Sobre o trabalho no mundo das tropas e no ferroviário, é interessante assinalar, em ambos os  contextos históricos, a forte presença do elemento familiar. No Sul de Minas, no século XIX, os proprietários da região tinham suas próprias tropas e, em geral, faziam uso do trabalho dos seus filhos tropeiros (LENHARO, 1979: 94). De acordo com Saint-Hilaire, que viajou por Minas no século XIX, numa fazenda, um dos filhos torna-se o condutor da tropa, outro se encarrega de cuidar desta, outro das plantações, e todos, indiferentemente, ordenham as vacas e fazem queijos (SAINT-HILAIRE, citado por LENHARO, 1979: 95). Dentre esses tropeiros, era grande o número de jovens, com idade entre 20 e 25 anos, havendo registro até de tropeiro de 14 anos.

Não deve surpreender a revelação de que um jovem tropeiro, de apenas 14 anos, chefiasse uma equipe composta de 5 escravos. Na organização do trabalho rural, essa era uma idade em que o jovem já se integrava no universo dos adultos e, conseqüentemente, dividia com eles as tarefas econômicas básicas para a obtenção dos meios de subsistência. No caso de um jovem tropeiro como este, a iniciação no trabalho era marcante e definitiva. O tropear era tido como uma atividade rústica e desgastante e constituía-se num ritual de aprovação que possibilitava ao jovem tropeiro acumular experiências e poder, gradativamente, disputar outras funções a que ainda não tivera acesso. (LENHARO, 1979: 96).

No meio ferroviário, a influência familiar também era constante e podem ser atestadas por essas duas referências, dentre tantas outras existentes ou observadas no cotidiano desse meio:

O filho do agente, preso todo o dia na estação, cresce aprendendo a tarefa doméstica, traduz o telégrafo de ouvido e vira telegrafista (BENÉVOLO, 1953: 48).

Filho de ferroviário, aprendi, há mais de quatro décadas, a amar a ferrovia, e sobretudo, a conhecer o homem que nela trabalha [...] (FERREIRA, Márcio Maia1. Prefácio. In: LARA: 1988).

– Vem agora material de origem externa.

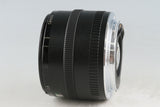 Canon EF 24mm F/2.8 Lens #53878H22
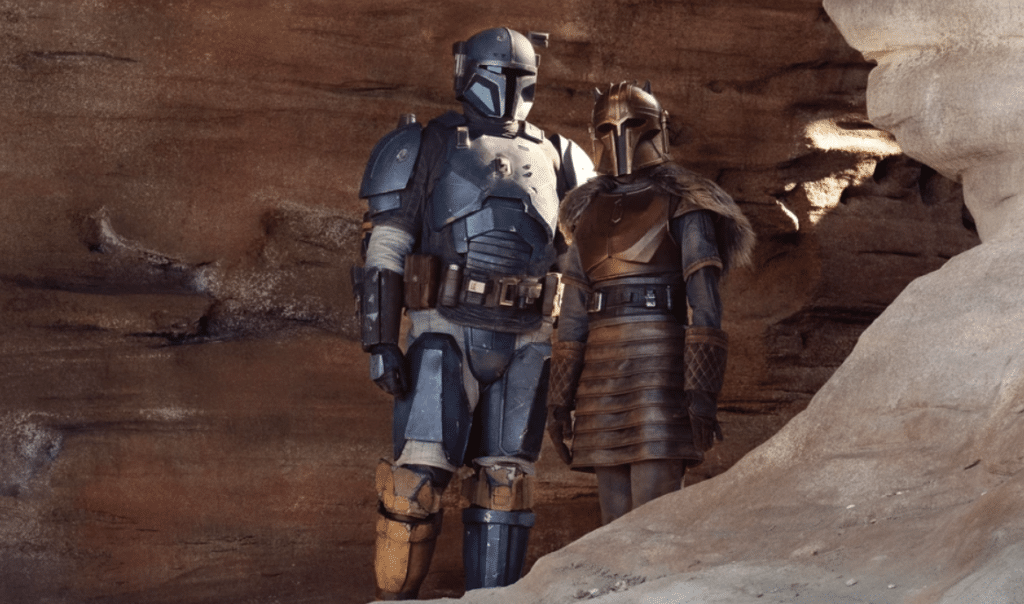 the mandalorian 3x04 analisi 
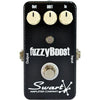 SWART AMPS Fuzzy Boost Pedals and FX Swart Amps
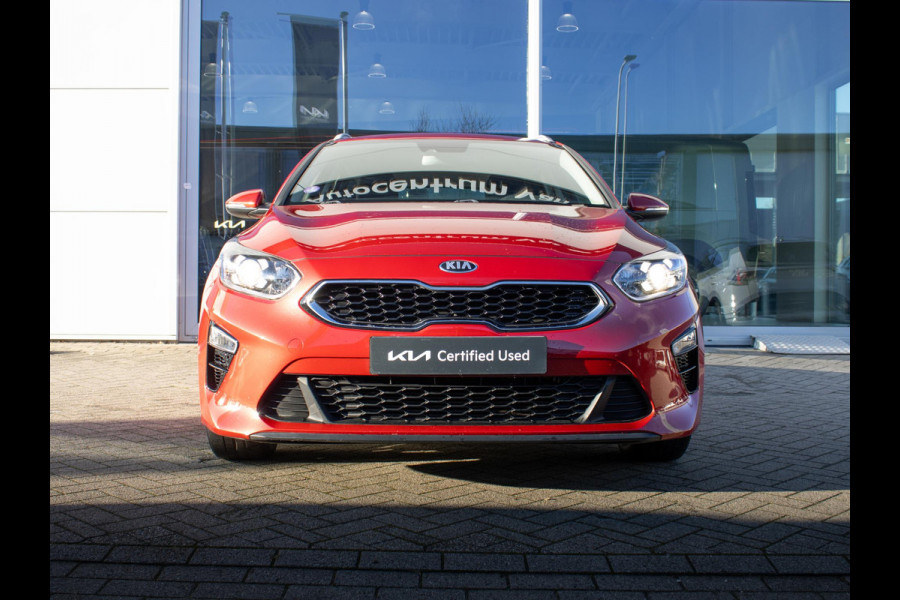 Kia Ceed Sportswagon 1.0 T-GDi DynamicLine | Navigatie | Achteruitrijcamera |
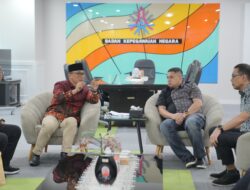 Makassar Menuju Birokrasi Modern, Pemkot Konsultasi ke BKN Bahas Sistem Merit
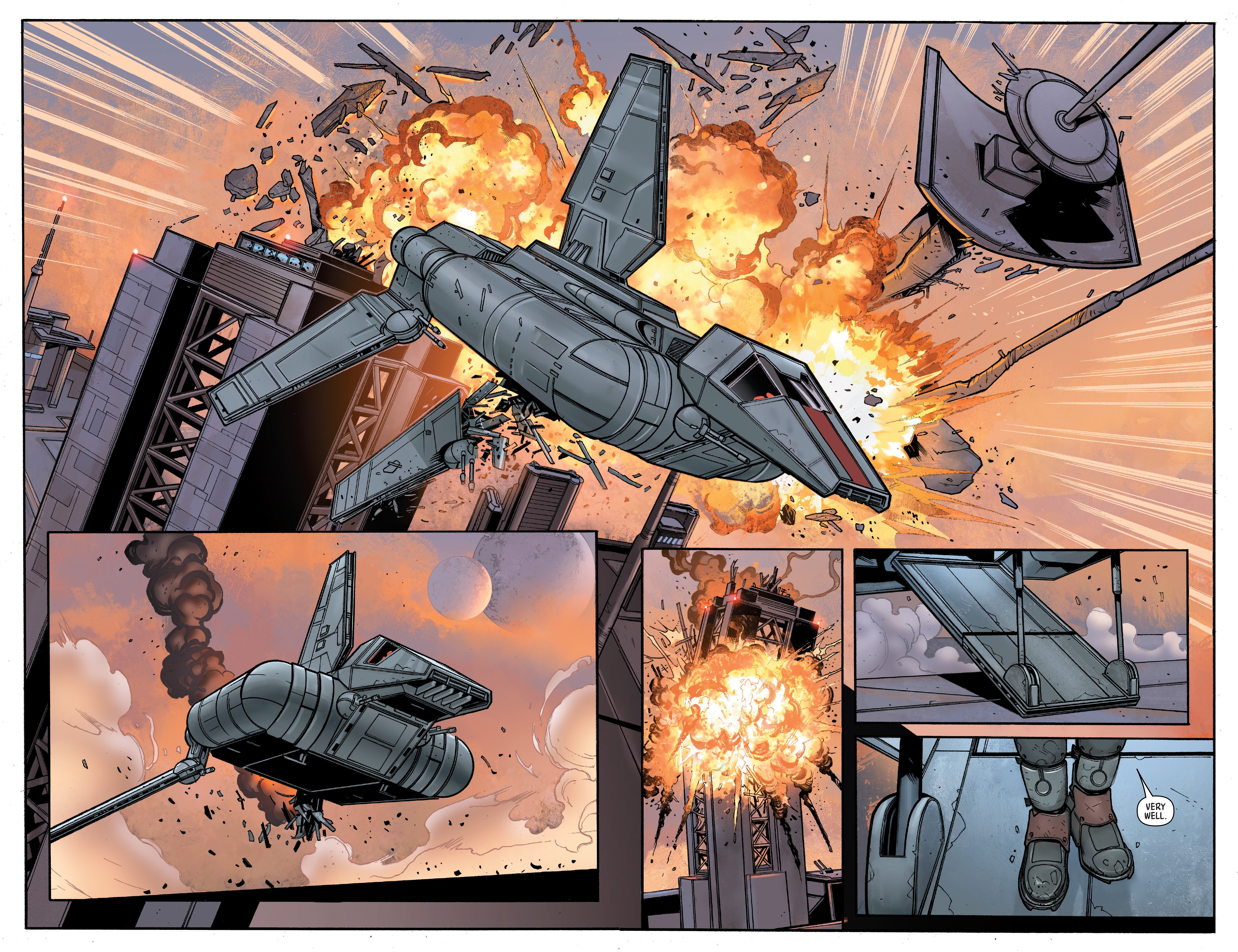 Star Wars (2015-) issue 61 - Page 4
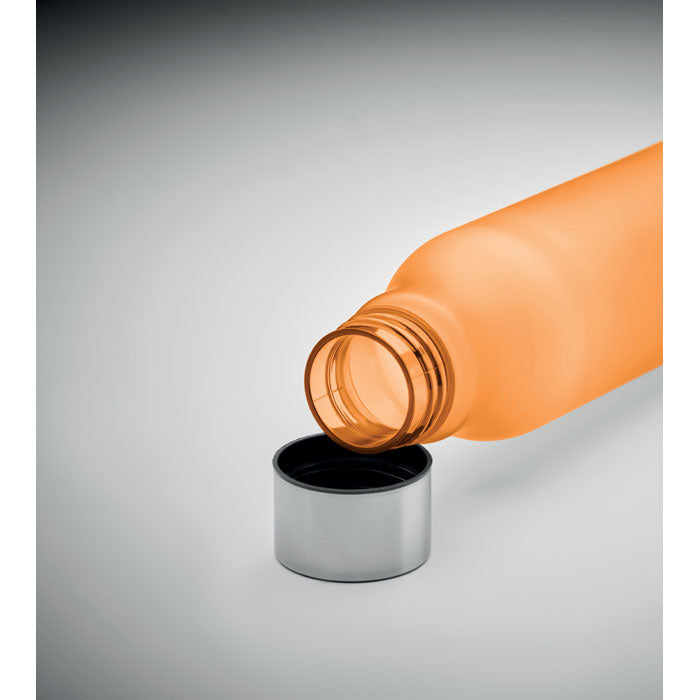 Branded RPET bottle 600ml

De fato, são numerosos os casos de filhos e netos de ferroviários que seguiram os caminhos profissionais de seus parentes, seja nos ofícios da linha, do tráfego ou da tração. Dada a multiplicidade de funções exigidas pelo transporte ferroviário, das burocráticas às técnicas, todos podem encontrar em uma estrada de ferro um “habitat” adequado ao seu gênio e aos seus instintos. (BENÉVOLO, 1953: 46).

Uma diferença marcante entre os empreendimentos das tropas e os ferroviários refere-se à propriedade dos mesmos. Na lida da estrada, o tropeiro era mais um trabalhador, que dividia com escravos ou empregados os fazeres diários. Contudo, ele não era um mero condutor de tropas, pois era também negociante que comprava ou revendia produtos. Muitos tropeiros eram também proprietários de terras, que se encarregavam da venda de sua produção, reduzindo custos e obtendo maiores vantagens no preço final. Essa experiência não foi conhecida no meio ferroviário, pois nas companhias e empresas trabalhavam, exclusivamente, os empregados, dos diretores aos “piolhos” de linha.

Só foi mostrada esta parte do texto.